If the angle $\theta$  is obtuse ( $\theta >{90}^{\circ }$  ).
Then the work is said to be negative.

It signifies that the direction of force is such that it opposes the motion of the body.

• Work done by frictional force is negative when it opposes the motion.
• Work done by braking force on the car is negative.

Zero work

Work done will be zero if $\mathrm{}\left(\mathrm{F}=0\right.$ or $\mathrm{s}=0$ or $\left.\theta ={90}^{\circ }\right)$

Some examples of zero work are below. 

• body moving with uniform velocity.
• net force on the particle is zero.
• we push the wall, and it remains at rest.
• a pendulum is oscillating, work done by tension.
• electron is moving round the nucleus.
• satellite is moving around the earth.
• coolie "Sahayak" is carrying baggage on a horizontal platform (W.D. by gravitational force is zero)

 

A force does not depend on frame of reference and assumes the same value in all frame of references. But displacement depends on frame of reference and may assume different values relative to different reference frames.

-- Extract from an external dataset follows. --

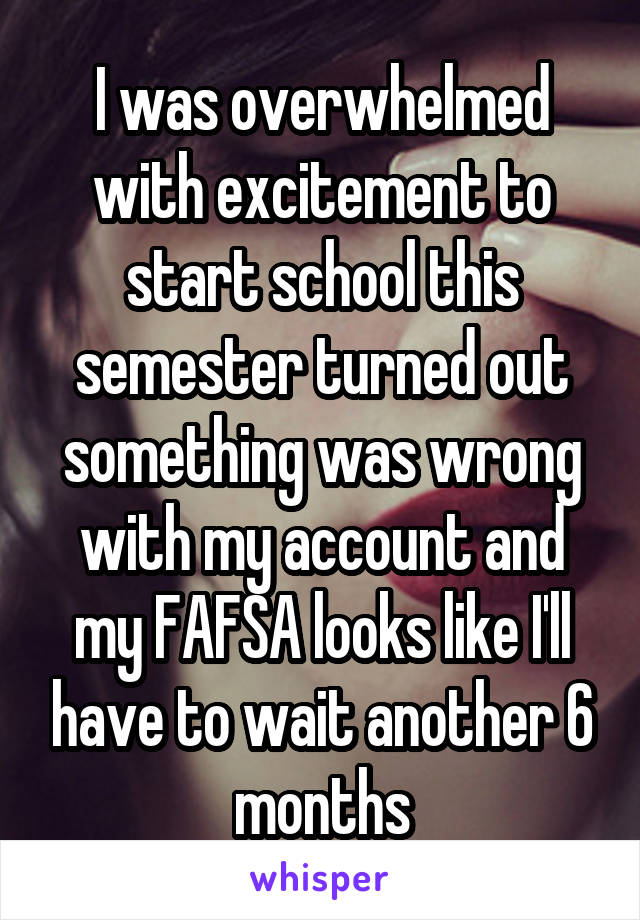 I was overwhelmed with excitement to start school this semester turned out something was wrong with my account and my FAFSA looks like I'll have to wait another 6 months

So, the work of a force depends on choice of reference frame.

For example, consider an individual with a suitcase standing in a lift that is moving up. In the reference frame attached to the lift, they apply a force equal to the weight of the bag. But the displacement of the bag is zero. So, the work due to this force on the bag is zero.

But, also know, that in a reference frame attached to the ground the bag has displacement equal to that of the lift and the force applied by this individual does a non-zero work.